Era tal mi entusiasmo que naufragué, cual Robinson, y vi a mi alrededor un ravioli de piel de lenguado (una sirena) y un fascinante cabracho (Neptuno en la mesa) que lo acabó desbordando todo. «Se cocina durante sólo cinco minutos relleno de algas y anémonas», anunció Enrique. «Hemos vuelto a las piezas enteras», añadió Alex, sumiller. Otro ángel de la guarda en la sala que, a esas alturas, ya me había mimado tanto con su bodega (siguiendo el espíritu de Josep) que sus copas sabían a elixires.
CAP. V. EL RECESO
Naufragué, decía, como el personaje de Defoe. Como él en su isla desértica, necesité transitar por aquel lugar antes de que empezara la secuencia más carnívora. Dejé por un instante la mesa, las tres rocas y el bosque en la urna de cristal. Fui hasta la sala de máquinas. Allí pochaban fábulas. «Ésta es tu casa», me dijo uno de los jefes de cocina. Vestían chaquetillas blancas y delantales negros, con una R naranja de tres patas bordada en su corazón. Cerca de sus pálpitos, para mantener siempre viva la pasión. Esencia de familia.
Sus manos bailaban entre platos. Carnes, flores, salsas… Me encandiló el paisaje. La cocina hecha arte. Sensibilidad. Me hubiese gustado recitarles versos. Quizás otra vez de Fijman. Su poema ‘Alegría’: «Sones de llamas/ en el aire rosado;/ jadear de bosques y expansión de mares./ ¡La danza de la tierra!»/ ¡La sinfonización del universo!». El Celler hecho poesía. Alegría.

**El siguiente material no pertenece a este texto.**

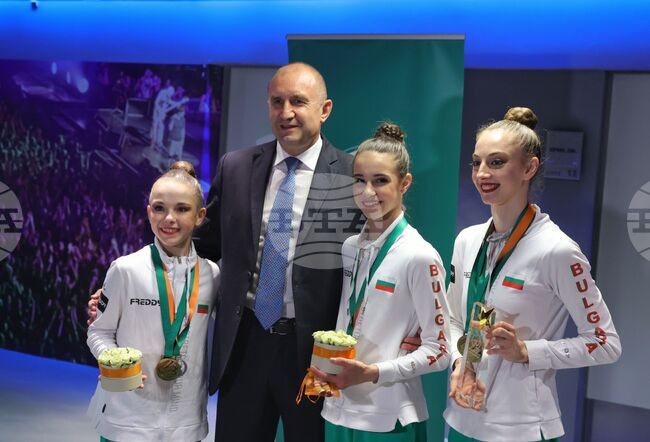 Унгария - Художествена гимнастика - президент - среща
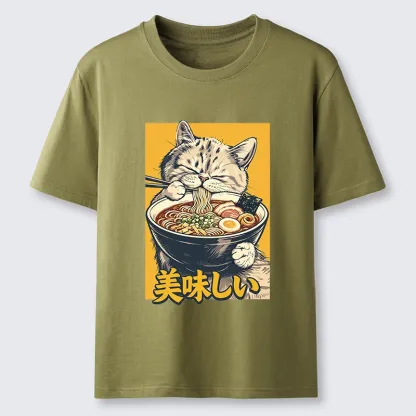 Tokyo-Tiger Cat Eat Ramen Classic T-Shirt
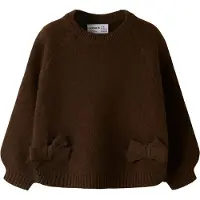 Name it Genser - Strikk - NmfNdoper - Chocolate Plum - - 6 år (116) - Genser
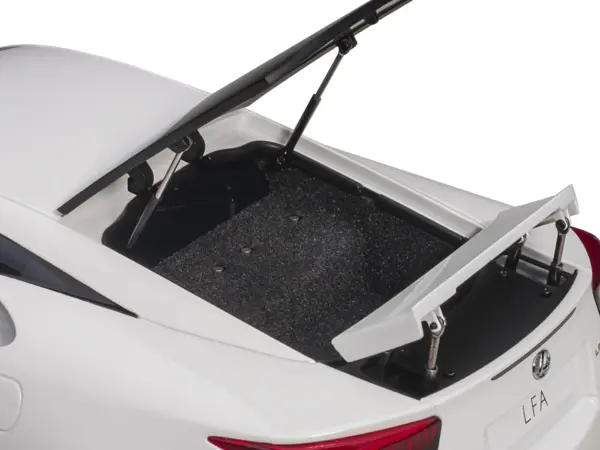 Lexus LFA Whitest White with Red and Black Interior 1/18 Model Car by Autoart #4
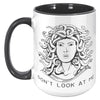 15oz Accent Mug - Medusa Don't Look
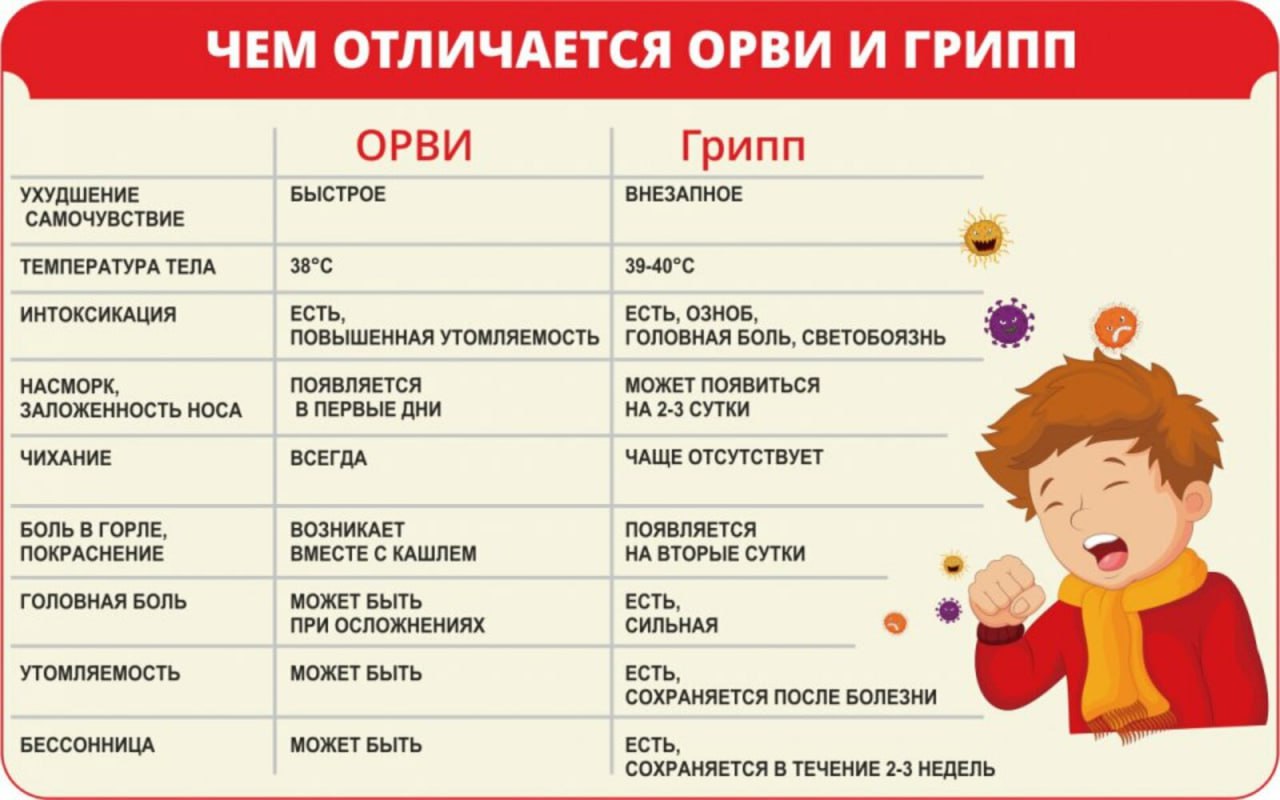 простудные заболевания список простудные заболевания список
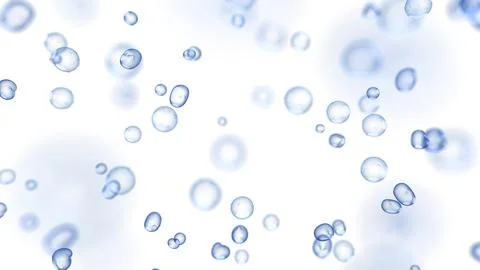 Blue soap bubbles floating on a transparent background, perfect for overlay and Stock Illustration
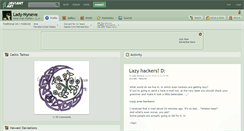 Desktop Screenshot of lady-nyneve.deviantart.com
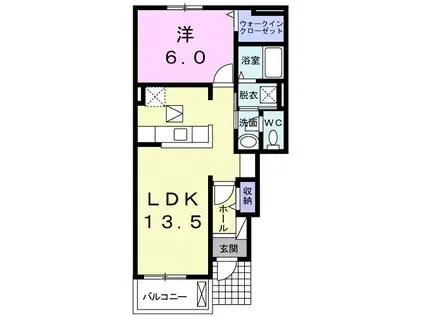 メゾンアスティケII(1LDK/1階)の間取り写真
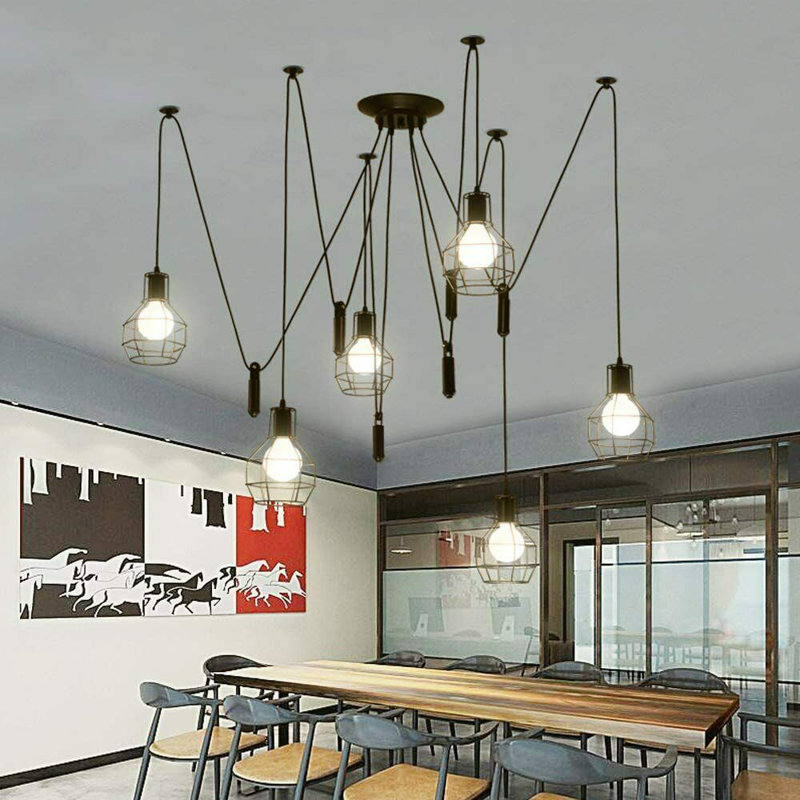 Currier 6 - Light Unique/Statement Chandelier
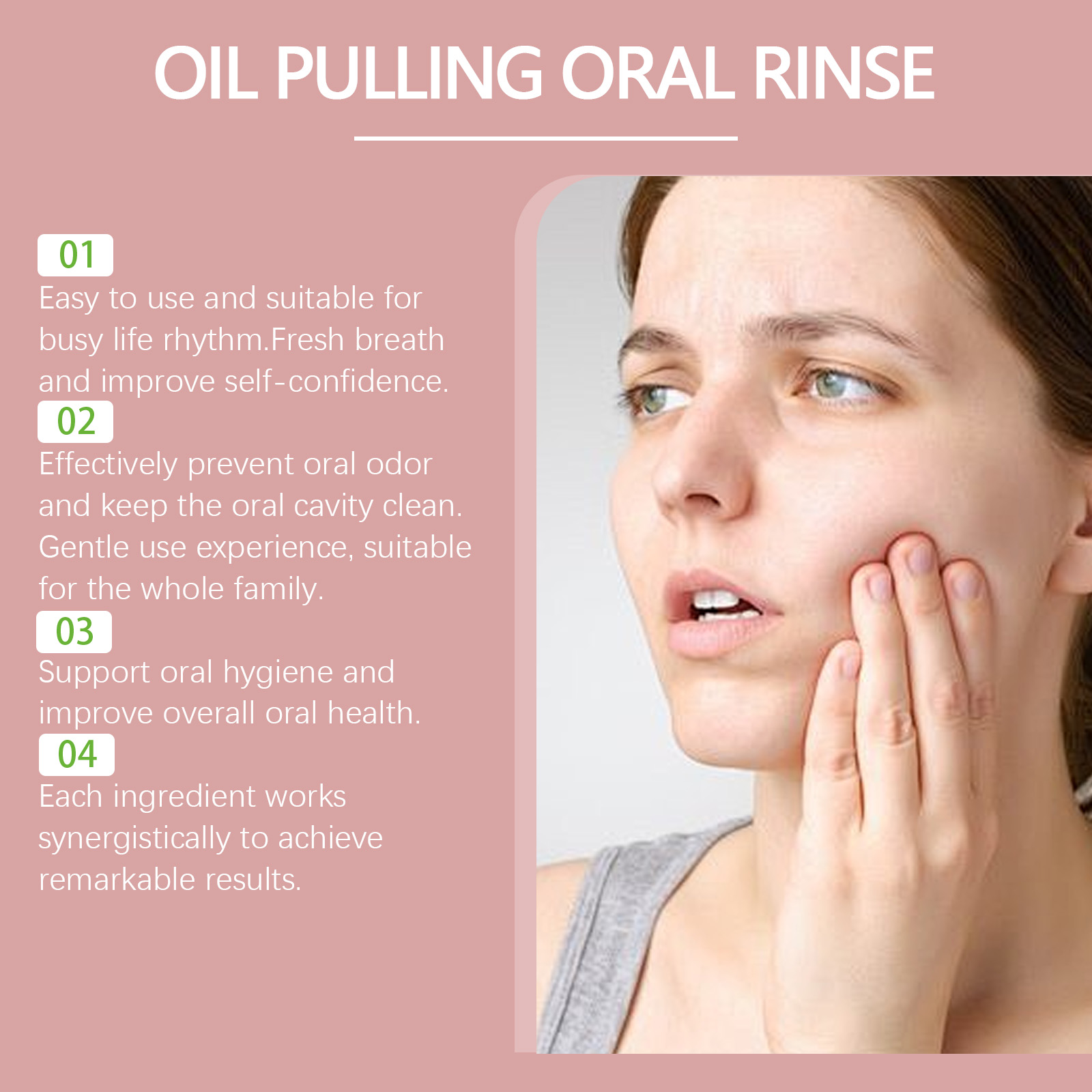 Minyak Penarik Kelapa Obat Kum - Teeth Whitening With Coconut Oil ulasan dan harga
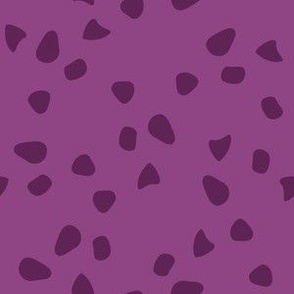 Pansy Dots - Purple - Large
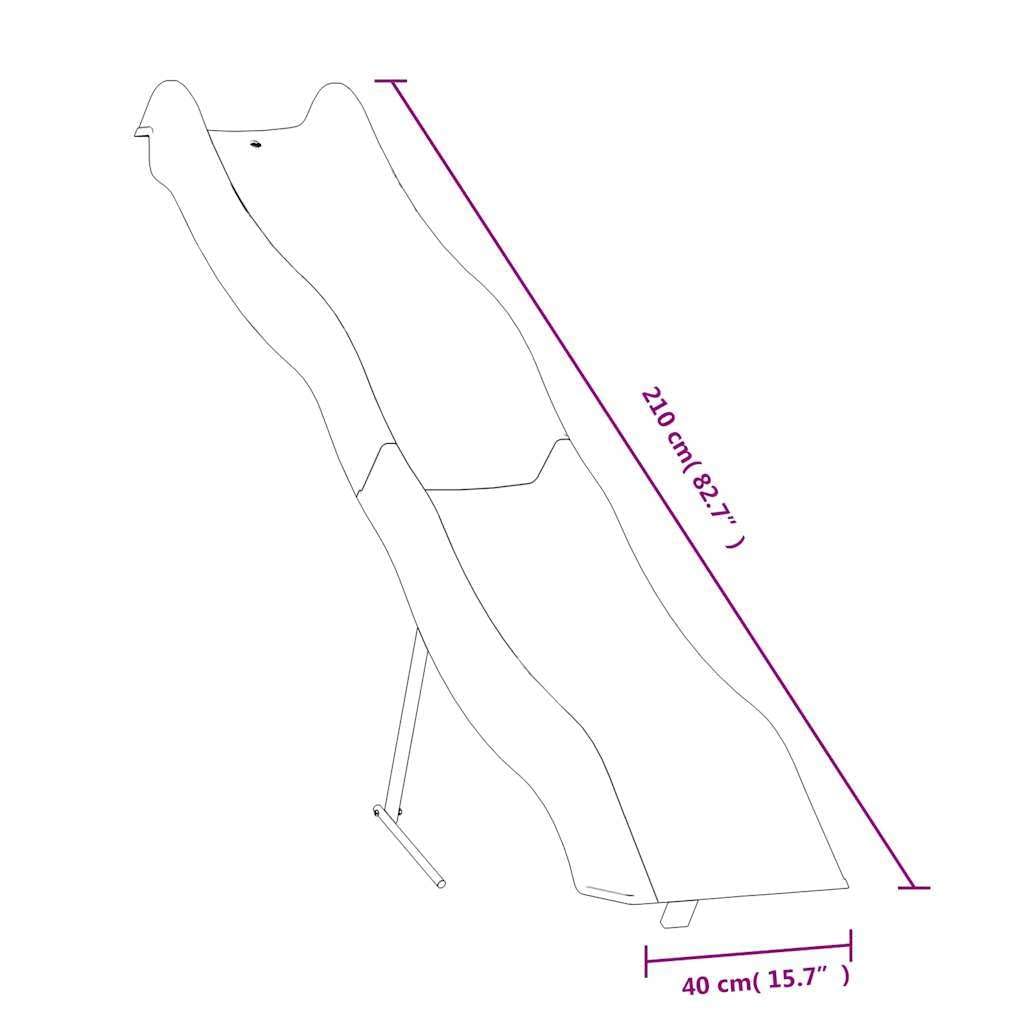 Genérico Tobogán Infantil Polipropileno Azul 210x40 cm,Juegos y Juguetes,Estructuras para Juegos al Aire Libre,Columpios y estructuras de juegos-826599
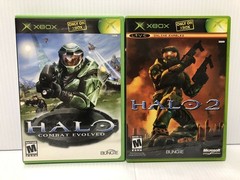 Original Xbox Console Bundle – Halo 1 & 2 Games + Controller – Fully Refurbished
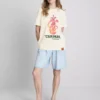 Camiseta de algodón con cuello redondo Campari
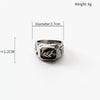 Men's Unisex Cartoon Character Ring In Zinc Alloy With Electroplated Finish Hip Hop Fashion Jewelry
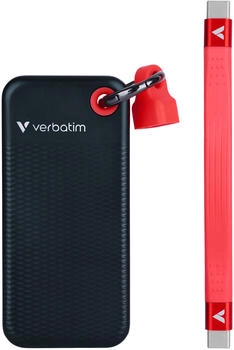 Verbatim Pocket SSD 1TB schwarz/rot – Verbatim Pocket SSD 1TB schwarz/rot - Leistungsstarker Datenspeicher für unterwegs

CAP VI. SECUENCIA DE LA CARNE
Al regresar, sobre la mesa esperaba, en tierra firme, una fábula de manitas de cerdo con ‘espardenyas’. Su historia de amor conquistó mi paladar. Suspiré enamorado. «Esto es un espectáculo», rumié relamiendo el plato. Pronto, queriendo conquistar el trono, saltaron tres mosqueteros de la pluma de Alejandro Dumas al mantel: un cochinillo, un pato y un pichón. El primero con col fermentada y ‘pilota’ (supremo); el segundo, un magret de pato curado y ahumado con naranja (un top), y el tercero, su pichón que llegó entero, entre mejorana, y que fue el golpe final antes de partir de la tierra al cielo. Allí donde esperaban dulces sueños. Y, en el fondo, el por qué de todo esto.
CAP. VII. SECUENCIA DULCE
Alex, el suministrador de elixires, tendió un alambre hasta las nubes. Con su mirada me vino a decir: «Siga subiendo, suba, le espera el universo de Jordi». Mientras trepaba, escuché entre fanfarrias: «¡cromatismo verde!». Un halo del frescor de la madrugada recorrió mi piel. Un hechizo que me convirtió en la sombra de Peter Pan: «Segunda estrella a la derecha y todo recto hasta el amanecer».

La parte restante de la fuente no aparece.